The other day a friend gave me a guided tour of her collection of teapots that fill several shelves in her dining room. This one was from China, and another was over a hundred years old. She found a fancy one with a rose pattern in an antique shop in London. An exquisite Belleek pot occupied a special place. As she showed me each one, she took it from the shelf and fondled it like a pet while she told how she came to have it.
“These teapots are like windows on your life. Each has quite a story to it. Have you written them down?” I finally asked.
“No. Now and then I think of it, but I just never seem to get around to it.” She paused. “I think one of the reasons I’ve delayed starting is not knowing how to go about it,” she finally admitted.
“Don’t try to do this all at once,” I cautioned her. “Just do one pot at a time. Pick any pot, put it on the table in front of you and sit down with a blank piece of paper and pen. Write a short note telling how you came to have this teapot. Did you buy it yourself? Where did you find it? What was the shop like? How did it catch your eye? What made it special? Was it a bargain or a splurge?”
She looked intrigued. “That doesn’t sound so hard. I think I could do that, but surely there’s more to it than that.”
“There doesn’t have to be. Just getting the place and price down would be valuable. But I can tell by the way you hold these pots that they each have special meaning for you; the more of this meaning you include in their stories, the more interesting the pots will be to future owners. Have you ever wondered what their lives were like before you found each other?”
She was nodding eagerly, so I went on to suggest that she include details of occasions when she used that specific teapot. What memories of friends were associated with each? Did one make tea taste different from another? What would make her chose any given pot on a particular day?

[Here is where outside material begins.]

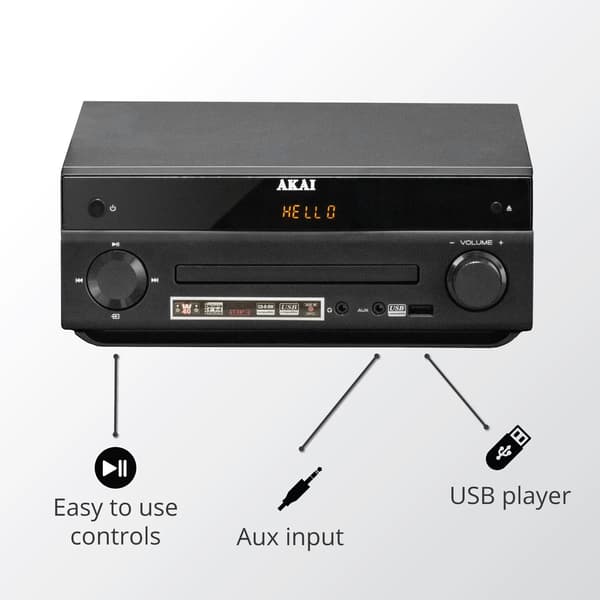 AKAI AM-301B Bluetooth FM-radio tårn Sort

Beyond that was the matter of arranging the finished stories. She liked the idea of an album she planned to name “All My Little Teapots,” with a picture of one pot on each page, and the story of that pot pasted beside it with lovely scrapbooking paper to set it off. If the story was a long one, and a few would be, she would allow more pages in the album for it. She quickly realized that she’d need a rather large album, because she’d need to tell the stories of the friends and relatives who gave her the pots, and the trips she’d taken to find others.
“I’m so excited about this now! I can’t wait to get started!” From the far-away look in her eyes, I could tell that her muse was paying a get-acquainted visit, and I’d best get out of the way.
I can’t wait to read the stories she writes. Do you have a collection or few around your house? You can add value to the collection by recording its story, and just think what a great excuse it is to spend time with each item. Don’t let it gather another coat of dust before you set pen to paper.